I'd also argue that there are only a few topics that are so polarizing that
people up-vote or down-vote based on the position the author takes, and that
the majority of discussions here aren't as opinionated, and that the number of
up-votes a post receives is based on how interesting and thought-provoking it
is.

However, it appears that how to display karma is one of the more polarizing
ones :)

------
gvb
Going to the leader board and sorting the first 20 by average:

    
    
      Order	Who		Total	Ave
    
      2	edw519		44607	22.29
    
      39	grellas		11208	19
    
      45	wheels		10752	12.15
    
      4	patio11		37809	11.23
    
      42	mixmax		11064	10.45
    
      66	timr		8632	9.78
    
      78	chaosmachine	7829	8.8
    
      93	niyazpk		6885	8.28
    
      70	alexandros	8353	7.98
    
      53	jerf		9873	7.8
    
      1	tptacek		45718	7.49
    
      16	mechanical_fish	16598	7.4
    
      17	raganwald	16421	7.27
    
      97	maxklein	6751	6.68
    
      34	ryanwaggoner	11976	6.63
    
      76	_delirium	7895	6.56
    
      49	lionhearted	10137	6.49
    
      87	acangiano	7001	6.39
    
      22	Anon84		14263	6.24
    
      9	swombat		21933	6.09
    
      75	abstractbill	7910	6.09

------
olalonde
While we're at it with the feature requests, why not add a down vote option to
submitted stories? Wouldn't it help get a better signal-to-noise ratio in the
"new" section? It would also prevent "throw spaghetti at the wall, and see
what sticks" behavior. If this was debated in the past, I'd be curious to hear
why it was not implemented.

------
bbulkow
Management of "karma" in systems like Hacker News is critical to long term
success. Watching the community, and the flow articles, in Reddit shows that
minor changes in algorithms make a big difference.

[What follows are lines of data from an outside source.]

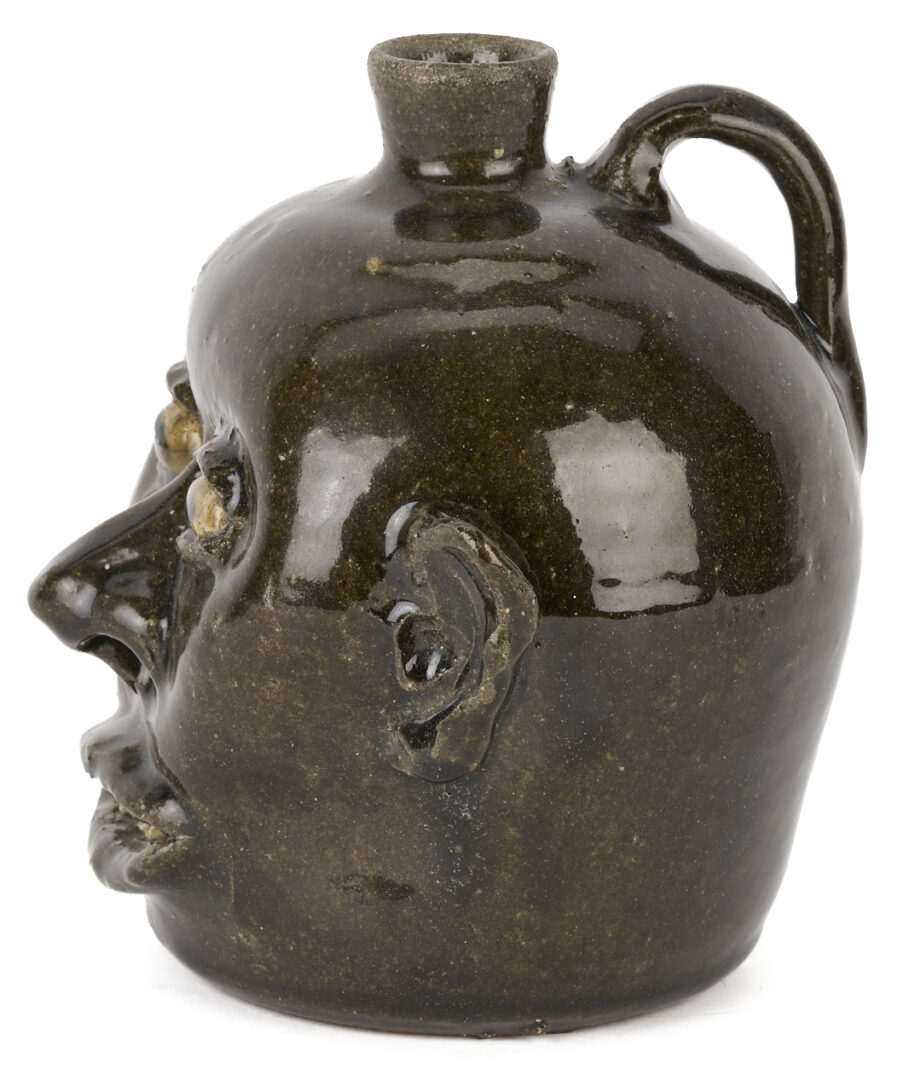 Lot 244: Lanier Meaders Folk Art Pottery Face Jug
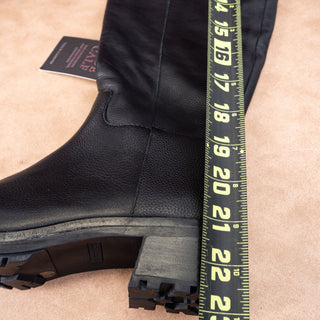 Vince Camuto Women Jorshie Black Leather Wide Calf Riding Tall Boots sz 6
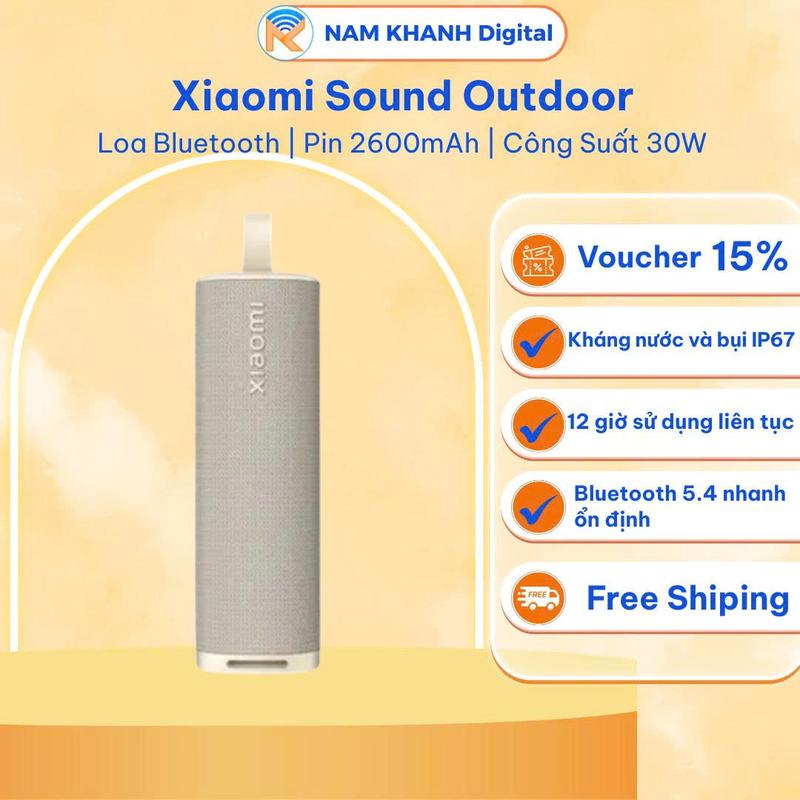 Loa Bluetooth Xiaomi Sound Outdoor - công suất 30W - Chống nước và bụi IP67 - Nam Khanh Digital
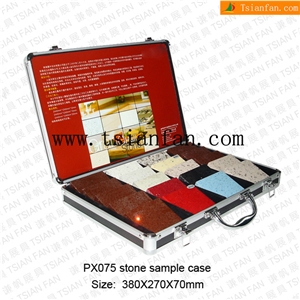 Ps075 Stone Sample Case,Marble Display Case, Stone Carry Case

One further thought: your "karma" in a site like HN is a very serious asset.
Access to a post which reaches the front page can make or break a company. I
would easily pay $100 for someone to post a choice blog post reference that
would hit the front page, and I'm sure I'm not alone.

We also know about Digg's kabal of a few high-karma individuals who tilted the
entire news site to the political right.

People don't game a site until it's important, and you don't find out the
effects of your site's algorithms until the site becomes popular.

The owners of a site must be diligent, continue to understand how articles are
floating to the front page, and be willing to make changes. We as users need
to be supportive of the changes & experiments they make - even at the cost of
our own "karma" (ie, real-world-dollars).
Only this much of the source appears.